WHAT IS REQUIRED: Print only the lines below from the one with "Baseball Cap Alpine" to the one with "Abahotel Μιλάνο Μαριτίμα", both included, exactly as they stand. Leave pictures out.
─── INFORMATION
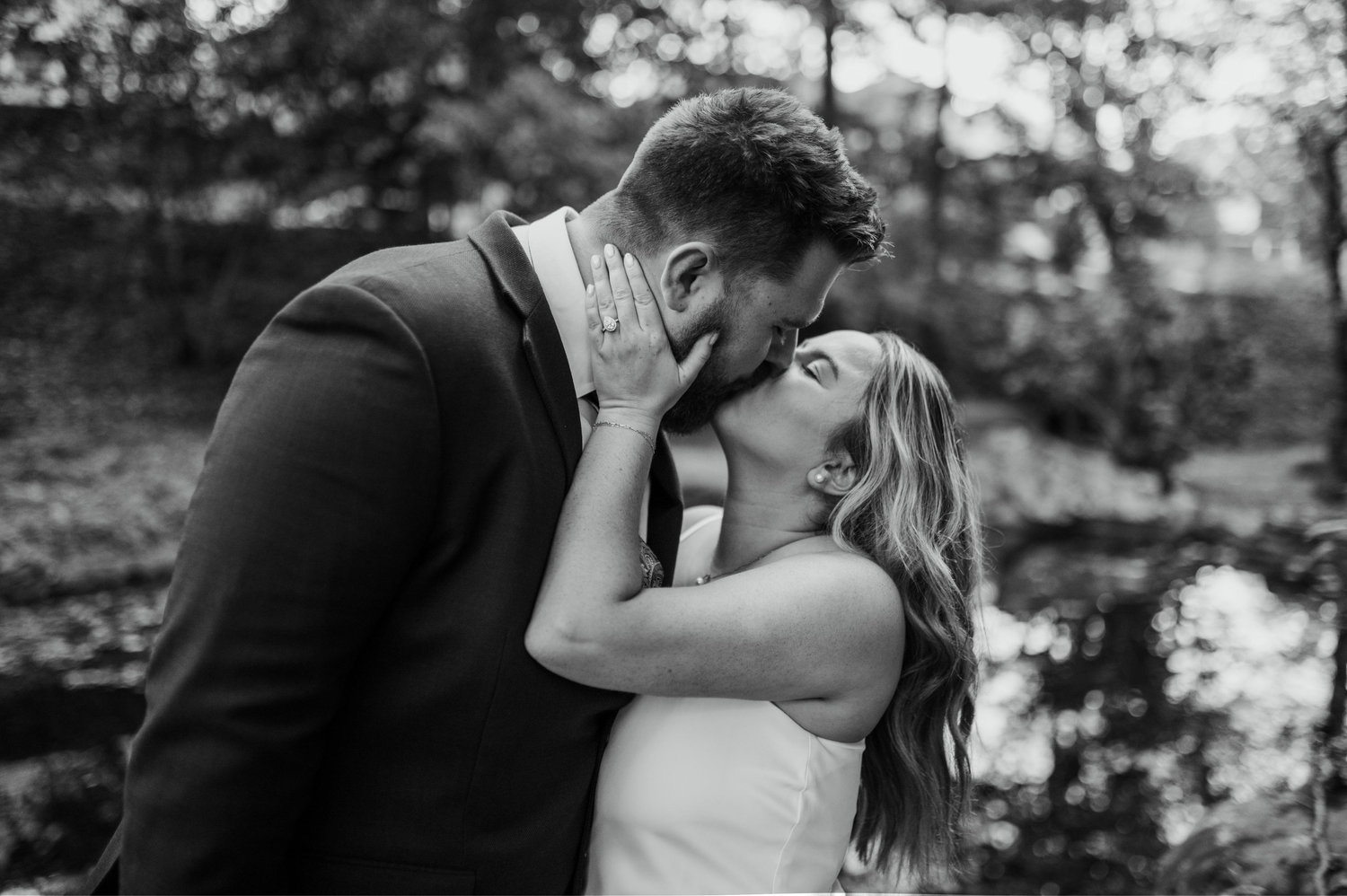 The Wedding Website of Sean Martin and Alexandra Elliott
──────
─── INFORMATION
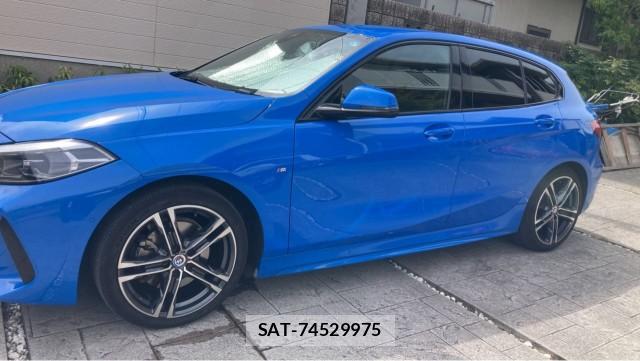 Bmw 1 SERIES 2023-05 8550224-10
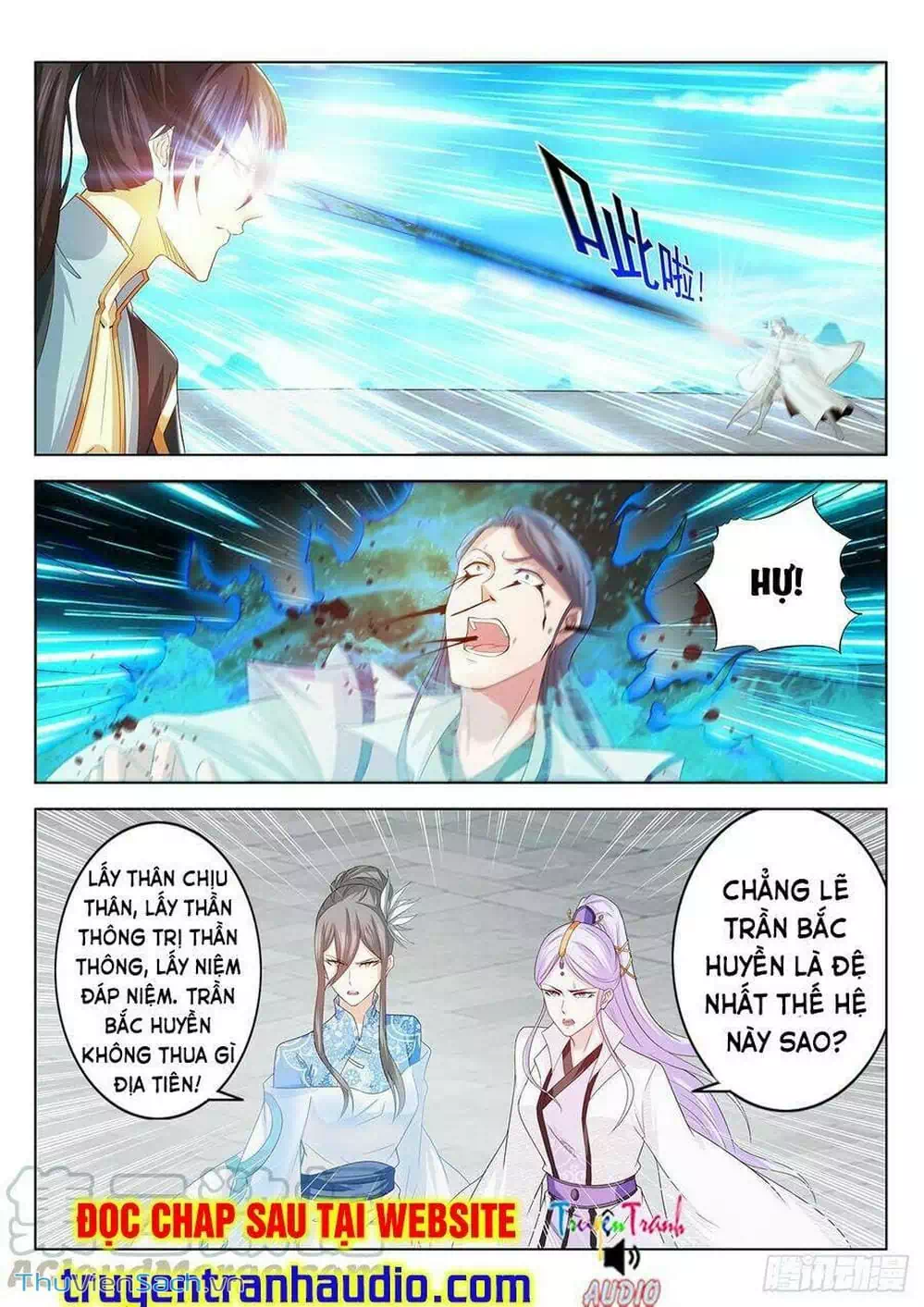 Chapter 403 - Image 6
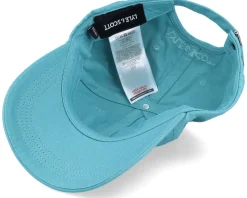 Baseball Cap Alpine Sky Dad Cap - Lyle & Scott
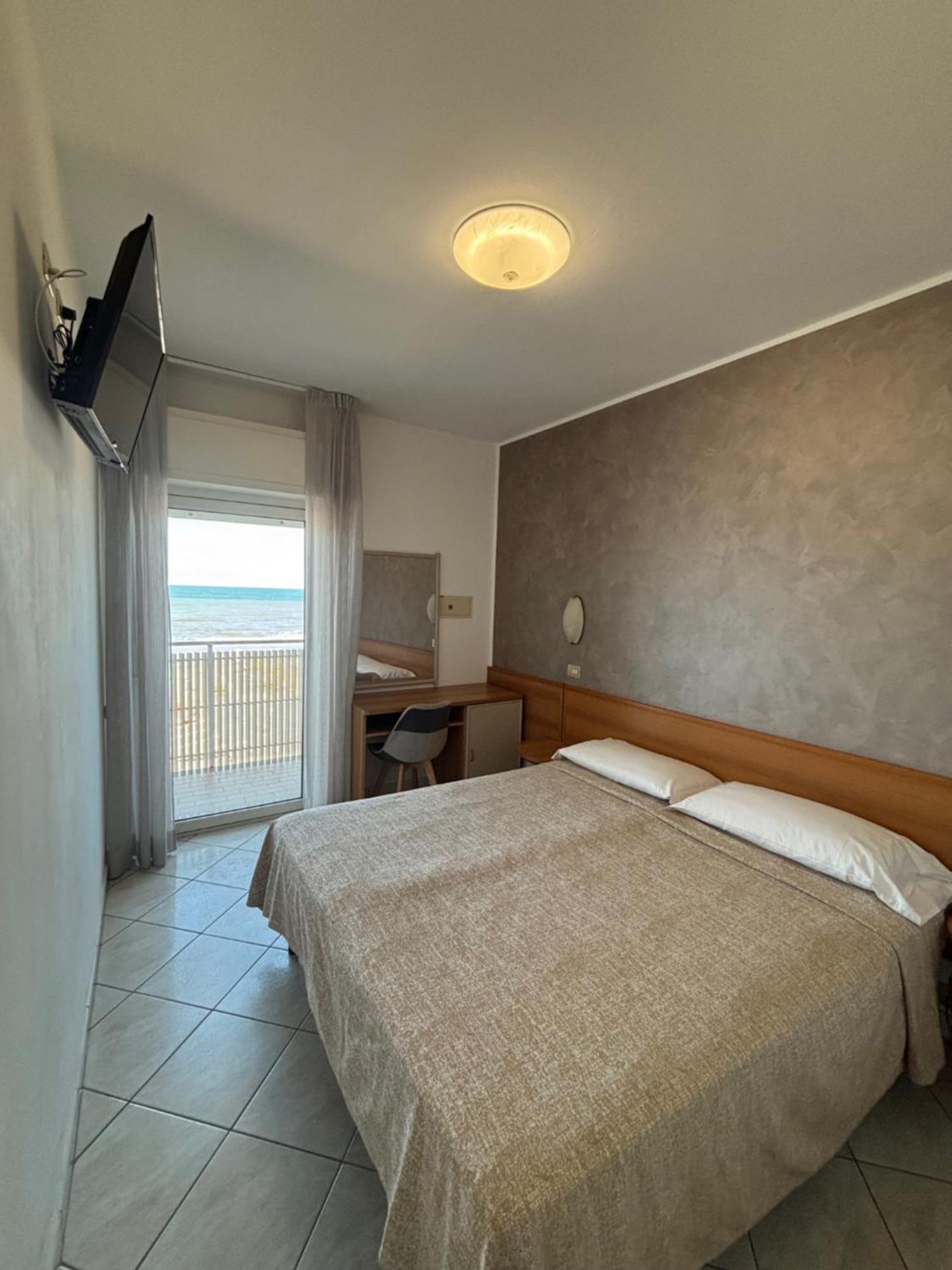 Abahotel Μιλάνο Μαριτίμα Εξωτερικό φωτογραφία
──────
─── INFORMATION
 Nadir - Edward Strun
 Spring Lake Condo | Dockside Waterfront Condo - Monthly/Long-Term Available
──────
WORKED SOLUTION:
 Baseball Cap Alpine Sky Dad Cap - Lyle & Scott
 Abahotel Μιλάνο Μαριτίμα Εξωτερικό φωτογραφία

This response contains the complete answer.